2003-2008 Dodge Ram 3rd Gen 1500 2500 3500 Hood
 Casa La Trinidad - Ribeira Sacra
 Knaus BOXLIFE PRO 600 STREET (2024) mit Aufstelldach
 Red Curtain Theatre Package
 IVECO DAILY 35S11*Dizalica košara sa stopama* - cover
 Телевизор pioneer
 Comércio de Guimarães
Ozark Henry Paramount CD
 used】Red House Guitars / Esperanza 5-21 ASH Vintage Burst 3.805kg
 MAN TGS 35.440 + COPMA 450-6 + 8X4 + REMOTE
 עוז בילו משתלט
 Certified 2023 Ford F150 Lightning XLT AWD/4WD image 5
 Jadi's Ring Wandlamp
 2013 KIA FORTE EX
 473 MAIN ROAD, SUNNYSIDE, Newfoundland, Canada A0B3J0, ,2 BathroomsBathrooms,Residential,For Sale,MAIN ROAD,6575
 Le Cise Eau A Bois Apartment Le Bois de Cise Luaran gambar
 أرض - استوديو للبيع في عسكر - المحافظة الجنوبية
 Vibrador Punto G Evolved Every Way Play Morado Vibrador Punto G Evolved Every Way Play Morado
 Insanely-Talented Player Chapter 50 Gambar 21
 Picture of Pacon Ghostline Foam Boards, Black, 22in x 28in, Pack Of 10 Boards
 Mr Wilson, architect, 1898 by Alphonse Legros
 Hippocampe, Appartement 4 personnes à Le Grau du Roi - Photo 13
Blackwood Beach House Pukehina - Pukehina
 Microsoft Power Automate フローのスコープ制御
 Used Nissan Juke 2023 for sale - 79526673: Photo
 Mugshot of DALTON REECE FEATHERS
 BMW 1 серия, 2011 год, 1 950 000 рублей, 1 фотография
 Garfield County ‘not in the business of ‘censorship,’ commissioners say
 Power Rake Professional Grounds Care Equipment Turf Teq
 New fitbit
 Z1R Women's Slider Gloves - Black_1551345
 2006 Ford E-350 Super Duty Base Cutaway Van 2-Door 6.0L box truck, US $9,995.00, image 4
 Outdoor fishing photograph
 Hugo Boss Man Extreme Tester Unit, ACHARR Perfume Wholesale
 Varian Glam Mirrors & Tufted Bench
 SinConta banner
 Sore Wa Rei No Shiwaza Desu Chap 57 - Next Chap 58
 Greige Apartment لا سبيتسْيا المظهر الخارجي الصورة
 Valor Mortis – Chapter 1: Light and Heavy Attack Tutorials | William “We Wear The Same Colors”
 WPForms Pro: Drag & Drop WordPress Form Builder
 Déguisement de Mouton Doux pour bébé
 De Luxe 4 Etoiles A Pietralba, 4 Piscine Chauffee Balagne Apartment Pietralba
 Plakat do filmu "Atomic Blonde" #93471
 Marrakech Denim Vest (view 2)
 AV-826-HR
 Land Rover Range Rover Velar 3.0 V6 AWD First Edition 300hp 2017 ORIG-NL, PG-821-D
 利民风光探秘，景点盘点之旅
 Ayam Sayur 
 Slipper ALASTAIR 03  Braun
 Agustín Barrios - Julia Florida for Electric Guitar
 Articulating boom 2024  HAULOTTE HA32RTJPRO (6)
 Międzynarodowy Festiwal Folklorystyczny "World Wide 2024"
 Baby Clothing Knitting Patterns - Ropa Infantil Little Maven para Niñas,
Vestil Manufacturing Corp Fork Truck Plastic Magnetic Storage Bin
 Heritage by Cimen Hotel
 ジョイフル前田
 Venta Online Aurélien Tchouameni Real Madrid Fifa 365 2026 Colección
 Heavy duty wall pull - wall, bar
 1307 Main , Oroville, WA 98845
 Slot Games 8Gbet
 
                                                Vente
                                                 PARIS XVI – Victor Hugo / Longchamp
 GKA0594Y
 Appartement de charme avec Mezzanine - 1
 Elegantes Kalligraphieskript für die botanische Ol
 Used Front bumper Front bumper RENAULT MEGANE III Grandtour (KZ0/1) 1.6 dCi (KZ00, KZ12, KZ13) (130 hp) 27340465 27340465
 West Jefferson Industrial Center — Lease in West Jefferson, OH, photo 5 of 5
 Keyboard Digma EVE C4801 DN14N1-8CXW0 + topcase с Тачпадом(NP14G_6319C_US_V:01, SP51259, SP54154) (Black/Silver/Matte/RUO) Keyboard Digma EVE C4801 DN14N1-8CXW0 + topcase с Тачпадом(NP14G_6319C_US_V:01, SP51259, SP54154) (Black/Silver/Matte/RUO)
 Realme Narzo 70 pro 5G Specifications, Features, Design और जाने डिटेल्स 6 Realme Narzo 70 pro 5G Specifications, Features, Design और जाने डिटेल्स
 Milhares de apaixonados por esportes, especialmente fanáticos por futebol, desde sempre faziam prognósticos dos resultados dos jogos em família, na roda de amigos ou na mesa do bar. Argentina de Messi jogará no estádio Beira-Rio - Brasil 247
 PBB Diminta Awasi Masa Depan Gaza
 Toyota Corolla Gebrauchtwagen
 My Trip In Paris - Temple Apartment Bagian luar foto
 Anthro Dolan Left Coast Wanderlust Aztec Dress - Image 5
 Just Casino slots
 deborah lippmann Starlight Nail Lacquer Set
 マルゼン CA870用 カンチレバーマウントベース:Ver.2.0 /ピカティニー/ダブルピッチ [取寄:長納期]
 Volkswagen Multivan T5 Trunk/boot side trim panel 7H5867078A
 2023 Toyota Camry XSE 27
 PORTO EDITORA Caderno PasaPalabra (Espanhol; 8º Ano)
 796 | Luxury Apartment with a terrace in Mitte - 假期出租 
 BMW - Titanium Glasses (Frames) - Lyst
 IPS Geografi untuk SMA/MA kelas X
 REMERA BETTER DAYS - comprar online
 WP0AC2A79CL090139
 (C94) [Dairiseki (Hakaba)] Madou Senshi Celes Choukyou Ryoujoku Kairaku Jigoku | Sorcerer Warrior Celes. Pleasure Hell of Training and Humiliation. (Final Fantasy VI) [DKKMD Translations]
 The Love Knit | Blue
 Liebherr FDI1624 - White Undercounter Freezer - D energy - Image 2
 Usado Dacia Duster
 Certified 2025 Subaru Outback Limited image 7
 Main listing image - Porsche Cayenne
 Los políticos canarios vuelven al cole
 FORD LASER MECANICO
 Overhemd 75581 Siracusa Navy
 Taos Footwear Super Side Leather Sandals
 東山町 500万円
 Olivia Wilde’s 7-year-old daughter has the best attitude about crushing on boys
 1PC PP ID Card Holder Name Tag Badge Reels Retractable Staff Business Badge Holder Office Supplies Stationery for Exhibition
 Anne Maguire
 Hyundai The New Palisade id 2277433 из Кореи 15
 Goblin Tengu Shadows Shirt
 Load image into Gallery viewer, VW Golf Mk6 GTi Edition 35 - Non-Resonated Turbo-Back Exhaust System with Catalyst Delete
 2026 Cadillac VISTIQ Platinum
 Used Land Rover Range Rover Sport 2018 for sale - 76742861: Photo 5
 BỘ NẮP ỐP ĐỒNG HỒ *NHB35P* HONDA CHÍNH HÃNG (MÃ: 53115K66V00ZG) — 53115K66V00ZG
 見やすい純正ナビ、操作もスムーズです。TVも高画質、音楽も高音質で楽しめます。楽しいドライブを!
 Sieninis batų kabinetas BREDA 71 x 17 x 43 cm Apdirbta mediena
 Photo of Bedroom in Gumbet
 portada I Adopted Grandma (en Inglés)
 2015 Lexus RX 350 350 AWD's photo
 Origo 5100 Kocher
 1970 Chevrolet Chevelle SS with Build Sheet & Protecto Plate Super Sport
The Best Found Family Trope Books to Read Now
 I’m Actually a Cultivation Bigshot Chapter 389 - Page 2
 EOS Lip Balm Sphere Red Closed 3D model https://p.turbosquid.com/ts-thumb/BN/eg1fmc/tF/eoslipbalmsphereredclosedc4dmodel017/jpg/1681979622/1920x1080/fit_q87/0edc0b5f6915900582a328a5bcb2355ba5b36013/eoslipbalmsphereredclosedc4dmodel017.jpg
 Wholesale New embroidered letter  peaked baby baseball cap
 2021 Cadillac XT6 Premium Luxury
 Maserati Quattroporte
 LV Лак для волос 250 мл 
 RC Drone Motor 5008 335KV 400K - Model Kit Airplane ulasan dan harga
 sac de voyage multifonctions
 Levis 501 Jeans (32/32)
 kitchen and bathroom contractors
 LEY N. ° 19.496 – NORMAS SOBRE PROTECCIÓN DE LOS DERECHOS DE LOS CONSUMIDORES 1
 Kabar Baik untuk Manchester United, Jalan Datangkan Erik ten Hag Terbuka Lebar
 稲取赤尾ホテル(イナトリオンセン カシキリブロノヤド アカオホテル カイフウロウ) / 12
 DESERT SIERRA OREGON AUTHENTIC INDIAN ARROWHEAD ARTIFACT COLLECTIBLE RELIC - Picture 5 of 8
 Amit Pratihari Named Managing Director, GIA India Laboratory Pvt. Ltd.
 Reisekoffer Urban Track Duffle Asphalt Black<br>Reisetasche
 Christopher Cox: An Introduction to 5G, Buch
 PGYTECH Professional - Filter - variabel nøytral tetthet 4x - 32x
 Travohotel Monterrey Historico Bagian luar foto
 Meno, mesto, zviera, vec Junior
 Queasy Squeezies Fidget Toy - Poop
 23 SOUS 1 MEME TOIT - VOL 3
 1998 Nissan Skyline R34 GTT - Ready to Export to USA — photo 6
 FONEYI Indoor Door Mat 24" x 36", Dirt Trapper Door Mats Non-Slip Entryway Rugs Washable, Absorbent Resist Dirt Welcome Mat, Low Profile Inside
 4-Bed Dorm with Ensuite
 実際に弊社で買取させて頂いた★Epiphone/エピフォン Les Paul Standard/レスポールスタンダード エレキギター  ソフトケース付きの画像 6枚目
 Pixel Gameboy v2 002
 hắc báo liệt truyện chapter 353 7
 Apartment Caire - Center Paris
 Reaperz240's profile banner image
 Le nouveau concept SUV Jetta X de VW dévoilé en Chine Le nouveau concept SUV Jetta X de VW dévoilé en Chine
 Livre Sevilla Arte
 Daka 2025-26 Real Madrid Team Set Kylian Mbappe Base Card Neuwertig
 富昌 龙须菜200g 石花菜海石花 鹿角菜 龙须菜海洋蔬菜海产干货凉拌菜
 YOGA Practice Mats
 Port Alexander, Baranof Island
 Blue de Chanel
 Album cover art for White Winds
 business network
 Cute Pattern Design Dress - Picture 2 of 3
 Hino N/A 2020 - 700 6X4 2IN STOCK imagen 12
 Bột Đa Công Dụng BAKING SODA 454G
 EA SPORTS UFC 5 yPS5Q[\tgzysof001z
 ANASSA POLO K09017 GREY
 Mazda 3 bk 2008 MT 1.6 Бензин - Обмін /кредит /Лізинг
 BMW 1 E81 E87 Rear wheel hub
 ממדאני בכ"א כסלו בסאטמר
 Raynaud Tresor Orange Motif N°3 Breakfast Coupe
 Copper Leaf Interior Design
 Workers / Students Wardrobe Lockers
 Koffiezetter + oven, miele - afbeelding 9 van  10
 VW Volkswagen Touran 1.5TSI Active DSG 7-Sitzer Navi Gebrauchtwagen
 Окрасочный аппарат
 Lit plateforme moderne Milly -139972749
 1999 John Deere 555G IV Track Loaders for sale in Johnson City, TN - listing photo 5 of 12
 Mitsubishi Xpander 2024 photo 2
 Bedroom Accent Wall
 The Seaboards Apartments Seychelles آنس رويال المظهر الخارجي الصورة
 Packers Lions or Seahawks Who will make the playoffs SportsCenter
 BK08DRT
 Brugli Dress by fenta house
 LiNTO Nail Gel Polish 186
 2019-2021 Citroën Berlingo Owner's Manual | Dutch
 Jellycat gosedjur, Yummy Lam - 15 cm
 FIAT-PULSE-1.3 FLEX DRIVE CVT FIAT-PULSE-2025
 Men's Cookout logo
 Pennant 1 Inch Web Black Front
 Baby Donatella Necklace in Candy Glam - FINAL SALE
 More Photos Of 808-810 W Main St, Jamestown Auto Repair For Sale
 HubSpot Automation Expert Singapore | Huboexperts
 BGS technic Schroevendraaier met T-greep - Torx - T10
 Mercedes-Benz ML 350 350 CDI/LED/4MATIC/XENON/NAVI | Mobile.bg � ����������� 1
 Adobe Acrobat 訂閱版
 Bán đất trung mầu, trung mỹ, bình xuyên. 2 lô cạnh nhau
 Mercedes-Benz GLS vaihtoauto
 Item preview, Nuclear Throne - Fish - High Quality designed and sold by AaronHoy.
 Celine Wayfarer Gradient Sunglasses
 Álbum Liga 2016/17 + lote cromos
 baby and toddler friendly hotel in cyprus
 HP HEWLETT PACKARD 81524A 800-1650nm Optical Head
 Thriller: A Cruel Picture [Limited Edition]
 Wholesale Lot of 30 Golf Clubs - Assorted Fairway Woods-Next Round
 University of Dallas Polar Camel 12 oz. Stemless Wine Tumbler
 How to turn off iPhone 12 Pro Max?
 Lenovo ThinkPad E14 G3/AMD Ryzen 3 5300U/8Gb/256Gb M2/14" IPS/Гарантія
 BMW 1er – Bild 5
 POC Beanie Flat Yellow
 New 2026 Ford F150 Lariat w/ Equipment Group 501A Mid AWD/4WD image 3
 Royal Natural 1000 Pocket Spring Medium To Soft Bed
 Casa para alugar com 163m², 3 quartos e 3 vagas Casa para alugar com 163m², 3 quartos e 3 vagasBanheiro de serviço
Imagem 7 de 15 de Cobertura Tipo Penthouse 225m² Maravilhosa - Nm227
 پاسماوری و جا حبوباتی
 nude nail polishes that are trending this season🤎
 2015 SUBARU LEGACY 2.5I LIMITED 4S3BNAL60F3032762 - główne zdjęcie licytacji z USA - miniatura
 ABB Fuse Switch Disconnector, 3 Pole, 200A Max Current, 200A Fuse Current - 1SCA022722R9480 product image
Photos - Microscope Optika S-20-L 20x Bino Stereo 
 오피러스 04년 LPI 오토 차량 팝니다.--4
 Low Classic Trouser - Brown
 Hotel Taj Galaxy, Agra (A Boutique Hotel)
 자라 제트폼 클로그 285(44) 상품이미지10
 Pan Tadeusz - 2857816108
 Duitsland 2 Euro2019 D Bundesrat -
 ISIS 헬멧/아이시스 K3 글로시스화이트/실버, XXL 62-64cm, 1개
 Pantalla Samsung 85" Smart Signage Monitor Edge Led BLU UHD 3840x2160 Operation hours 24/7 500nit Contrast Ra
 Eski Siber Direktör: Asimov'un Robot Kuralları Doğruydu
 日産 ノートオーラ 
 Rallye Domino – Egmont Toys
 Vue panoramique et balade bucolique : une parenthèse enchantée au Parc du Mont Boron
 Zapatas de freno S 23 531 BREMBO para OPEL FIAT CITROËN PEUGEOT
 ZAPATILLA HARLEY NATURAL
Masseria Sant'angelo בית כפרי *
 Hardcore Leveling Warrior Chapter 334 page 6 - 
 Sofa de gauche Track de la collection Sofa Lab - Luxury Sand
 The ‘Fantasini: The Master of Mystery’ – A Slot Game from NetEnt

__Task prompt__.
Leave out every line above except those from the line with "Apartment Caire - Center Paris" up to and including the line with "Bột Đa Công Dụng BAKING SODA 454G", and copy those exactly.

__Reply__.
 Apartment Caire - Center Paris
 Reaperz240's profile banner image
 Le nouveau concept SUV Jetta X de VW dévoilé en Chine Le nouveau concept SUV Jetta X de VW dévoilé en Chine
 Livre Sevilla Arte
 Daka 2025-26 Real Madrid Team Set Kylian Mbappe Base Card Neuwertig
 富昌 龙须菜200g 石花菜海石花 鹿角菜 龙须菜海洋蔬菜海产干货凉拌菜
 YOGA Practice Mats
 Port Alexander, Baranof Island
 Blue de Chanel
 Album cover art for White Winds
 business network
 Cute Pattern Design Dress - Picture 2 of 3
 Hino N/A 2020 - 700 6X4 2IN STOCK imagen 12
 Bột Đa Công Dụng BAKING SODA 454G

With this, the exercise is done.